Essential Job Duties and Responsibilities:
- Monitoring of the Microsoft System Centre suite, Prometheus, AppDynamics, SolarWinds Orion, Microsoft Azure platforms, and AWS.
- Good to have scripting skills (bash, shell, PowerShell, Oracle, SQL queries)
- Should know about configuring the Container & API monitoring.
- Maintain and upgrade existing monitoring systems as required.
- Manage the incident and problem queues, ensuring resolution within agreed SLAs.
- Tune and improve the monitoring systems to allow for better incident management and problem resolution.
- Maintain register of monitors and system design documentation.
- Maintain IT documentation and work in accordance with internal procedures and industry best practices.
- Contribute to knowledge base articles.
- Assist and provide information for periodic reports on performance and availability.
- Provide analysis of capacity management to assist other resolver teams.
- Provide Windows Server support as required.
- Participate in the on-call Rota and provide out-of-hours support as required.
- Work from other Cubic or customer sites or data centers as required.
- Comply with Cubic’s values and adhere to all company policy and procedures. Comply with the code of conduct, quality, security, and occupational health, safety, and environmental policies and procedures.

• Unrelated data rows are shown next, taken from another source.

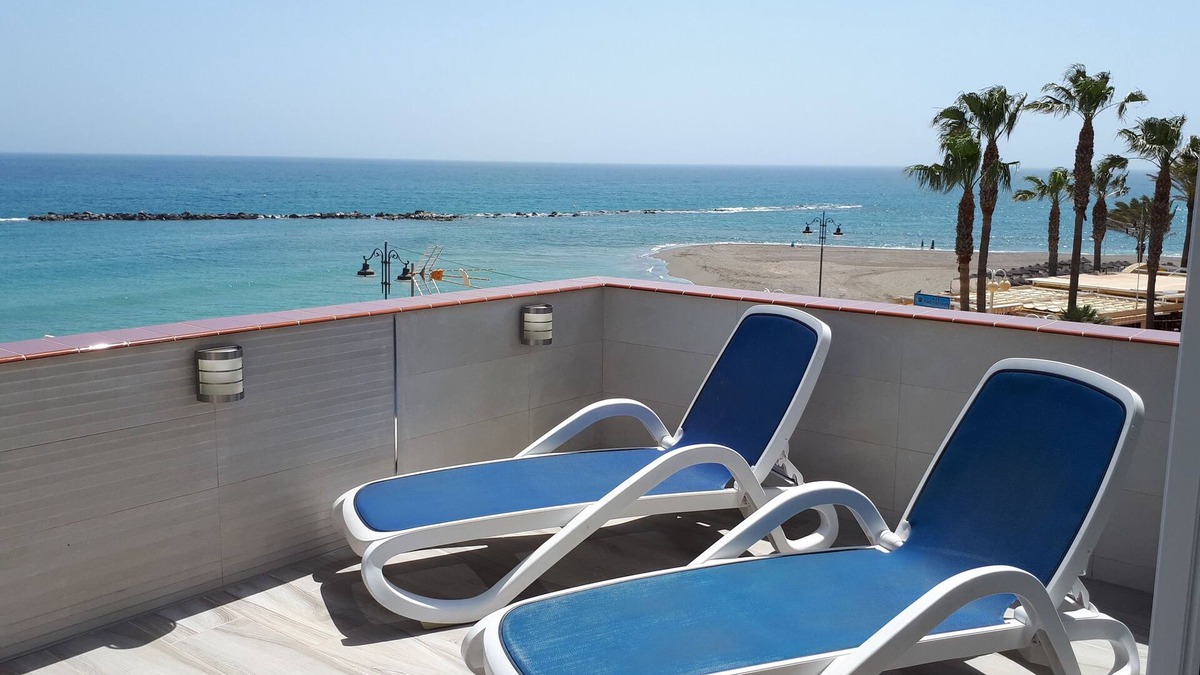 Benalmadena Costa Apartment | Luxury First-Line Beach-Front Apt VFT/MA 02508 Wifi, UK TV, Air Con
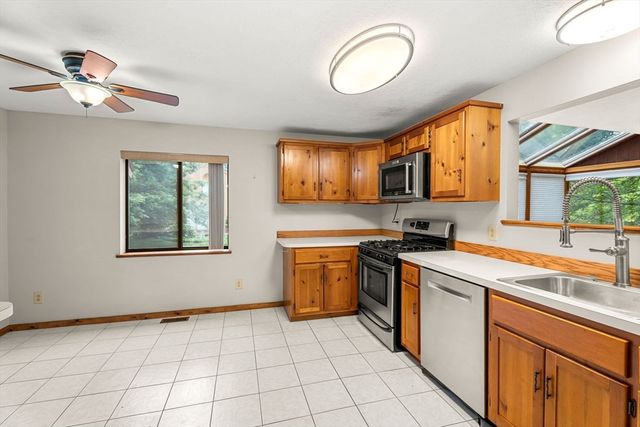 13 Eaton Ct 13, Haverhill, MA 01832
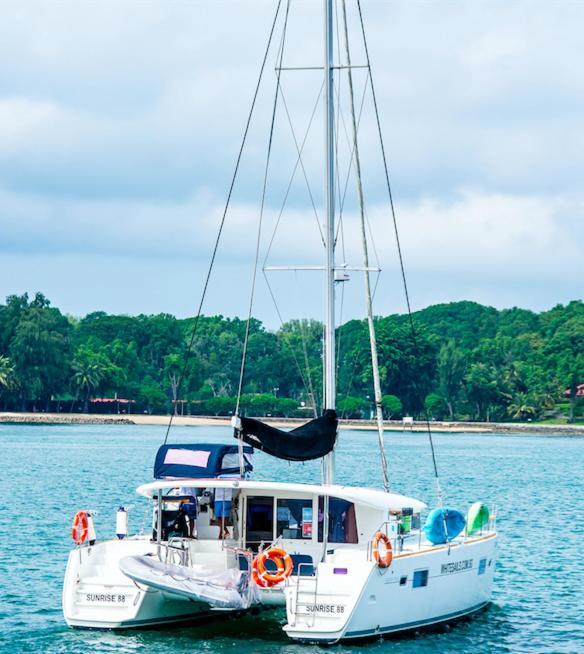 White Sails Yacht Sunrise Botel Singapore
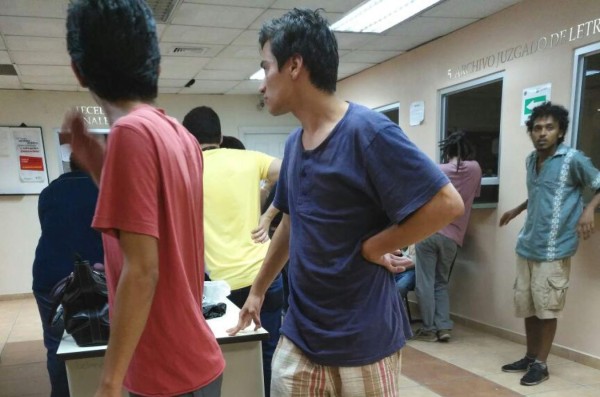 Dictan medidas sustitutivas a 15 miembros del MEU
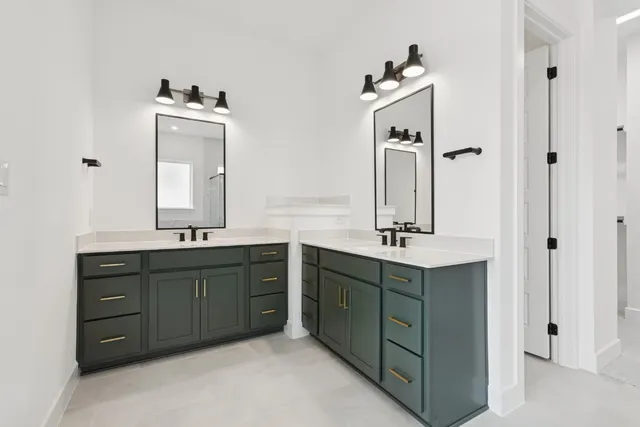 $824,990 | 3221 Lookout Mountain Road, Georgetown, TX 78628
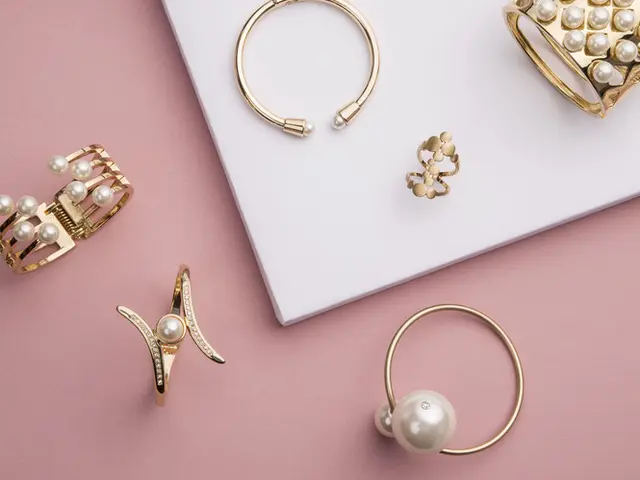 7 Cara Membersihkan Perhiasan Emas Dengan Bahan Rumahan Fashion Fimela Com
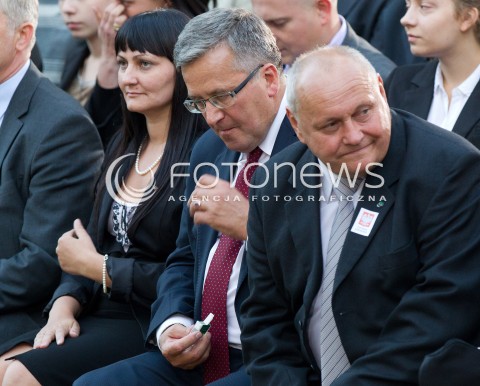  !!! PROSZE NIE PODPISYWAC NAZWISKA AUTORA !!!<br /><br />06.09.2013 ODRZYKON<br />PREZYDENT RP BRONISLAW KOMOROWSKI Z WIZYTA NA PODKARPACIU.<br />WIZYTA NA ZAMKU W ODRZYKONIU<br />N/Z BRONISLAW KOMOROWSKI JE CUKIERKI TIC TAC<br /> 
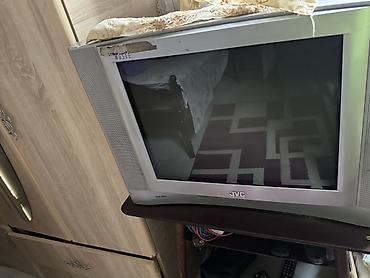 JVC markalı televizor. Klassik böyük ekranlı modeldir. Gümüş rəngli lalafo.az -da JVC markalı televizor. Klassik böyük ekranlı modeldir. Gümüş rəngli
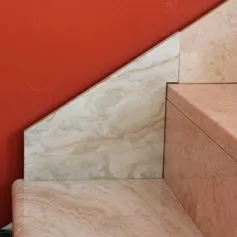 Battiscopa a scivolo scala di marmo
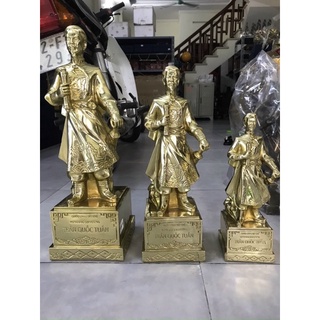 Tượng Trần Quốc Tuấn Hưng Đạo đại vương bằng đồng vật phẩm phong thuỷ quà tặng trưng bày trang trí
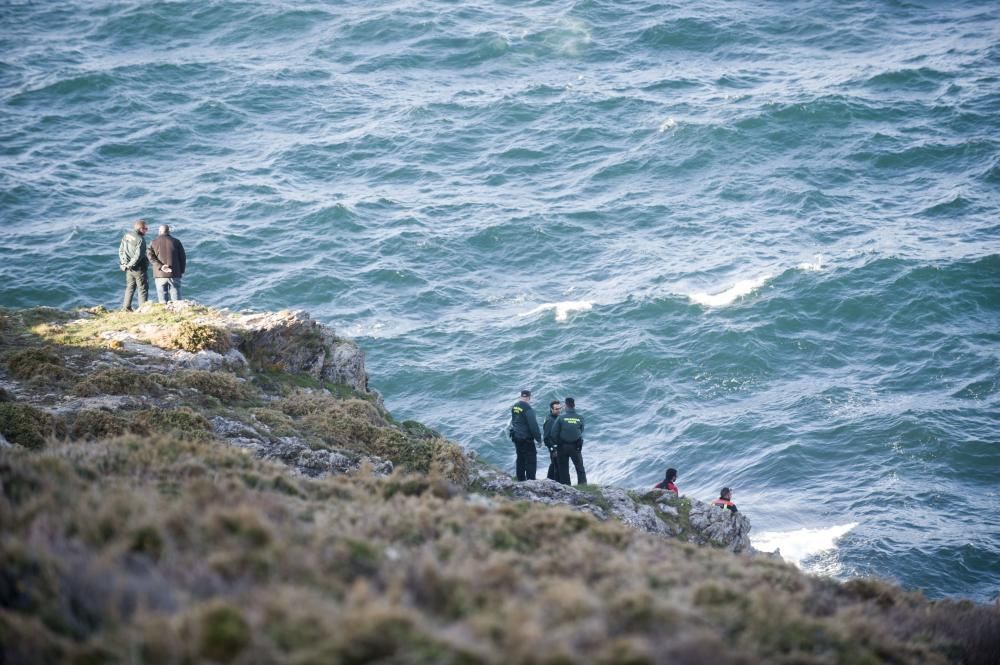 Buscan a un joven que cayó al mar en Arteixo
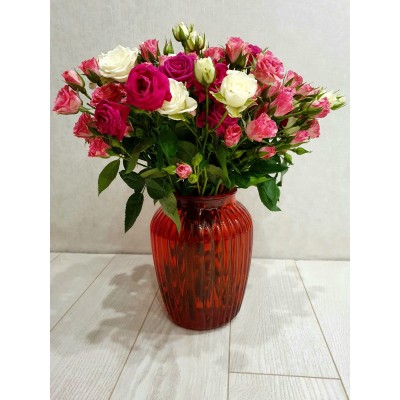 Фото отзыв: Отличная ваза, брала красный цвет. Думала будет слишком насыщенный цвет, но реально оказался лучше, (красный с лёгкой прозрачностью стекла.) Очень достойно выглядит. По размеру букет высотой 50см встанет отлично (у меня 25 шт, кустовые розы были) Класс.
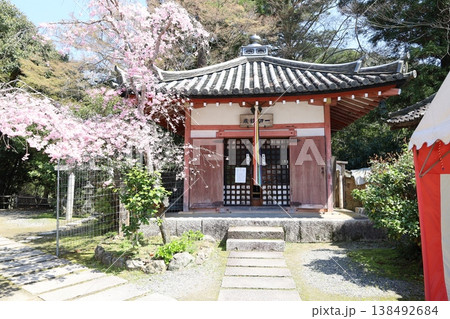 京都市山科区にある毘沙門堂境内の風景 京都市山科区にある毘沙門堂境内の風景 138492684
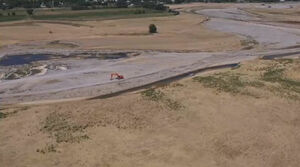 Текла река гравийные берега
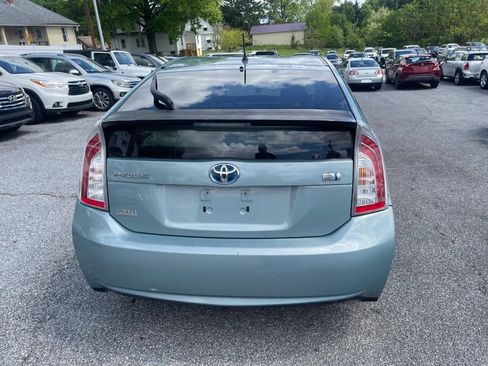 Used 2013 Toyota Prius Two FWD image 6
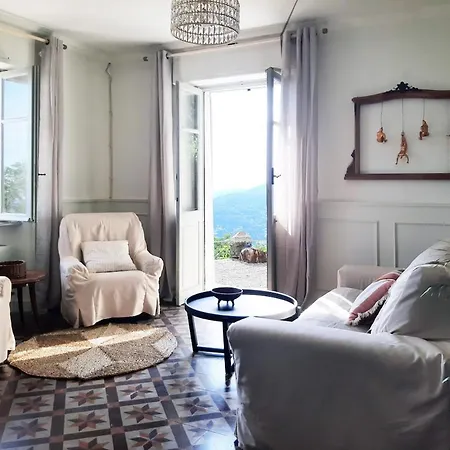 Oreste, 4 Bedroom Period With View *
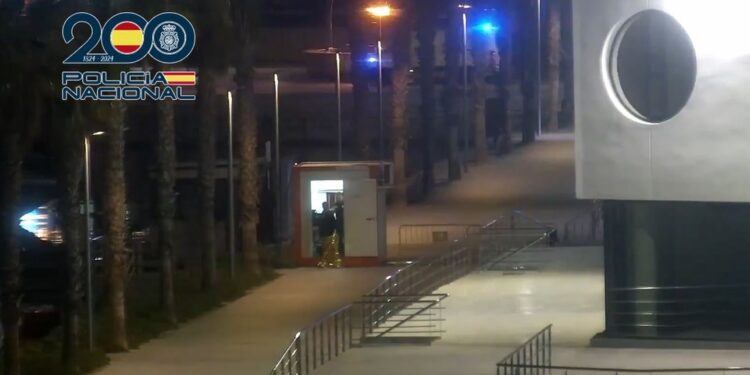 Policías salvan in extremis la vida a una mujer en el puerto de Alicante tras permanecer cinco minutos inconsciente en el agua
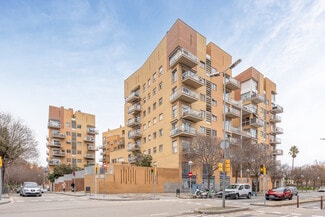 Plus de détails pour Carrer de Sant Adrià, 43-53, Barcelone - Multi-résidentiel à vendre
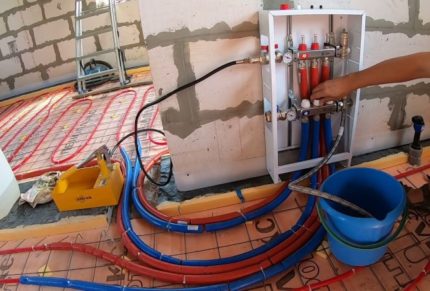De contouren van een warmwatervloer krimpen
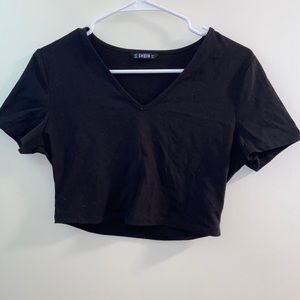 Black crop top!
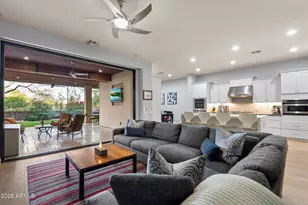 3805 E Zachary Dr, Phoenix, AZ 85050 - Photo 6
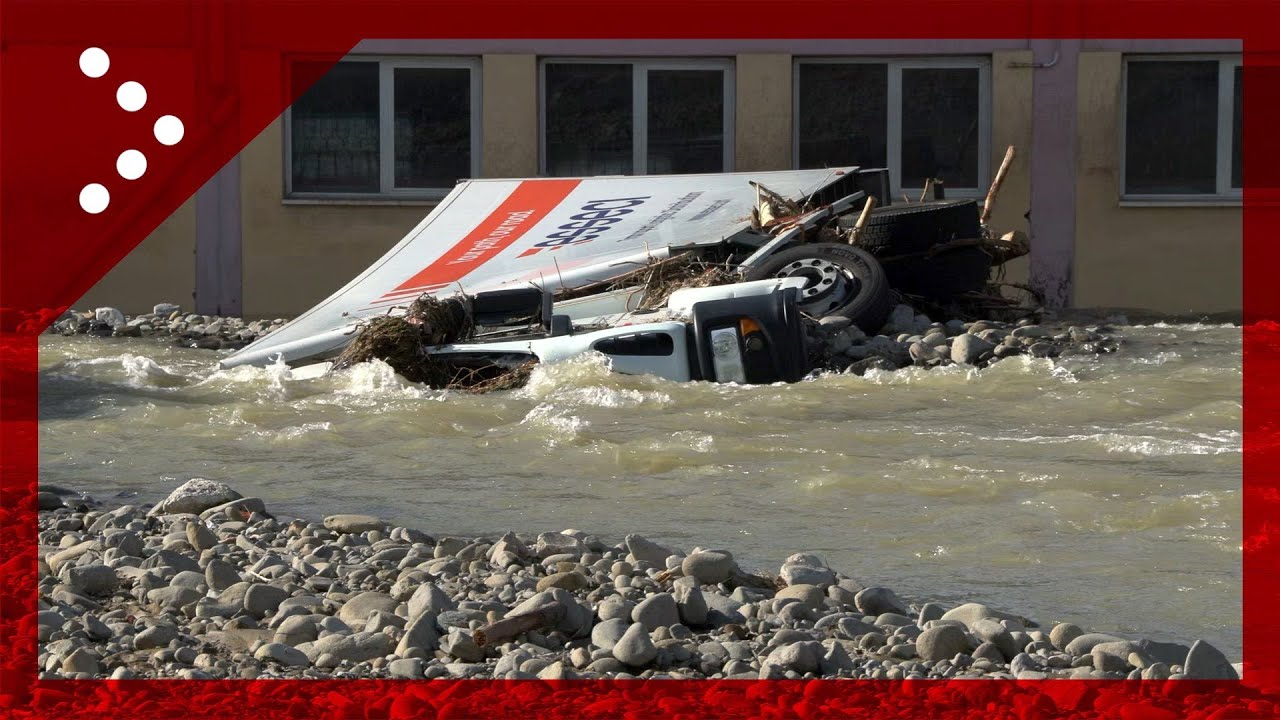 Montale (Pistoia), zona industriale devastata dall'alluvione: via Chiesa Rossa è irriconoscibile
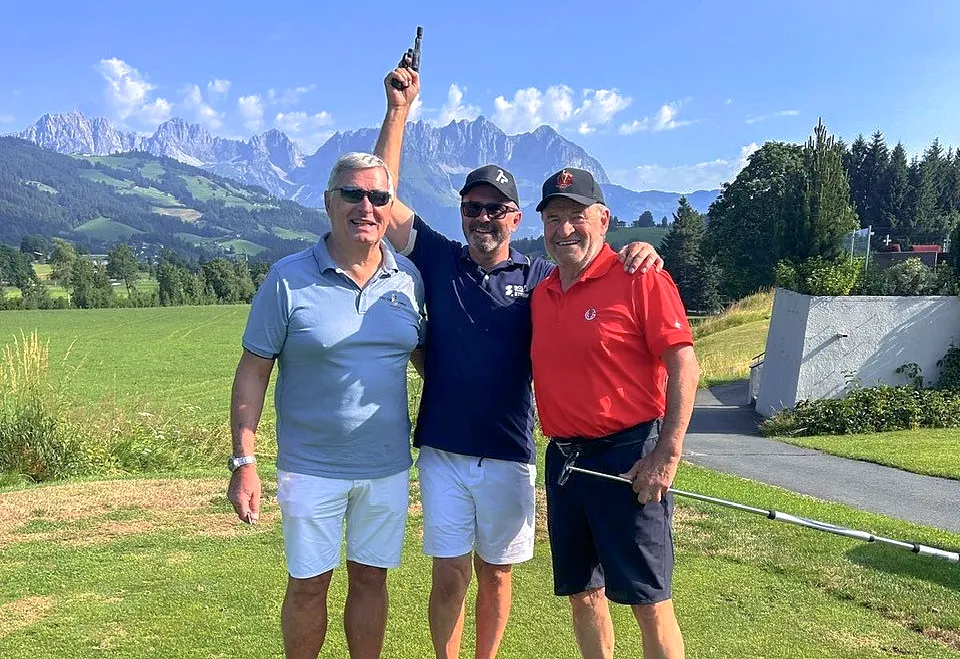 Beste Stimmung bei Kitzbühels Clubmanager Guido Hinterseer, Präsident 
Manfred Trentinaglia und Martin Kerscher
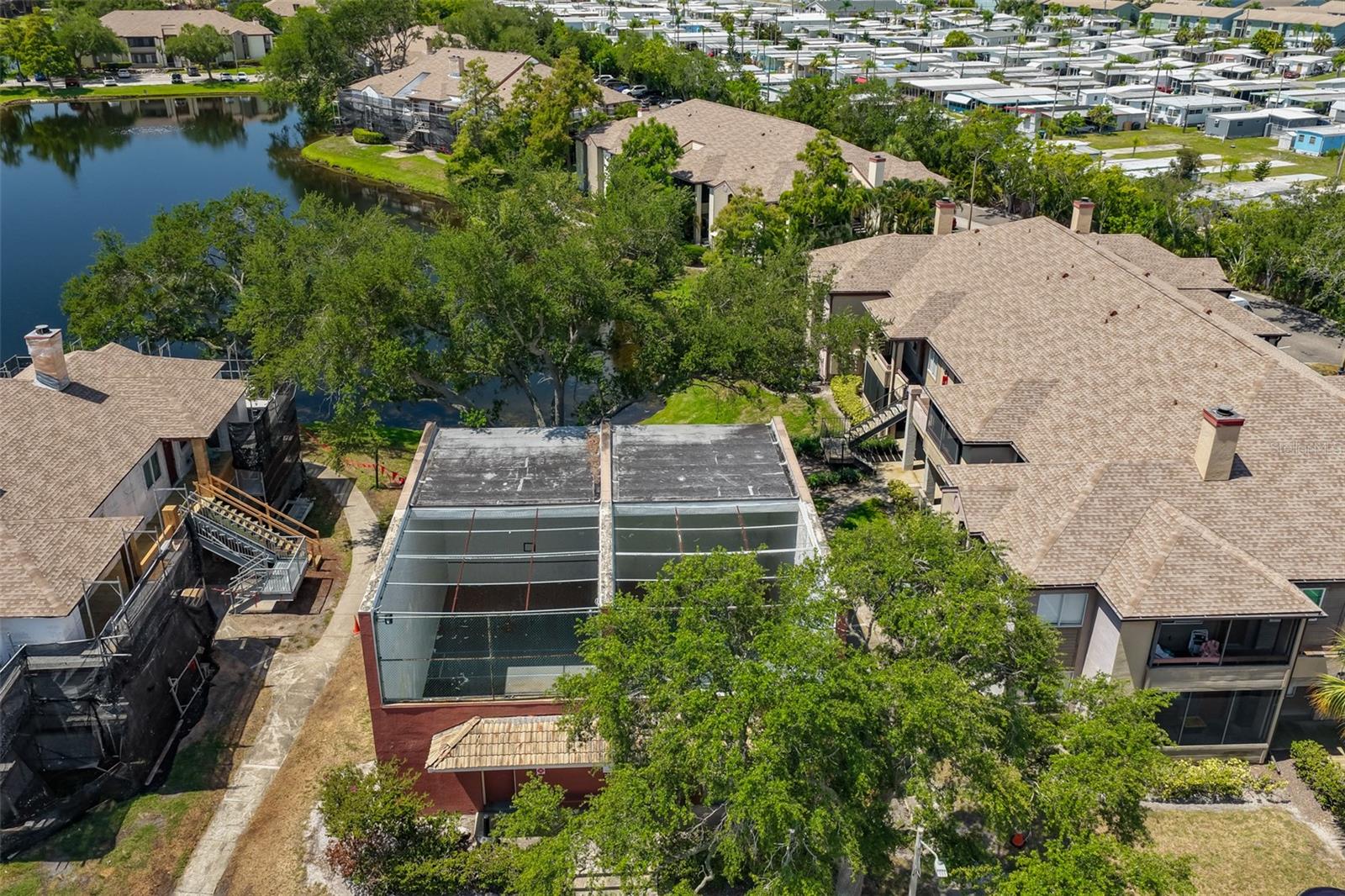 ITOPIA PRIVATE RESIDENCES CONDO - Residential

- In addition to the duties and responsibilities listed, the job holder is required to perform other duties assigned by their manager from time-to-time, as may be reasonably required of them.
Minimum Job Requirements:
Essential
- Degree, or equivalent years of relevant experience in a technical or technical management discipline.
- Two (2)+ years of experience in Microsoft System Centre suite, Prometheus, App Dynamics, SolarWinds Orion, and Microsoft Azure/AWS platforms.
- Experience supporting customers within a technical capacity.
- Formal training with a Monitoring product.
- A self-starter who can drive through change at all levels, recognized by their peers as inspirational and the go-to person for solving organizational problems.
- Motivation to improve skillset to ensure we are challenging system design.
- Excellent attention to detail and an unfaltering desire to deliver exceptional service.
- Customer-focused and comfortable with dealing with executive-level managers.
- Able to prioritize multiple tasks with deftness and adhere to deadlines.
- Strong analytical and influencing skills to assess demand for change and ensure that the necessary controls are in place to deliver successfully.
Desirable
- Networking, Unix, or Microsoft qualifications.
- Experience of using SCSM 2012 in a corporate environment.
- Experience in scripting in PowerShell in a corporate environment.
- Experience working within an IT Helpdesk.
- Up-to-date understanding of cloud technologies (AWS/Azure).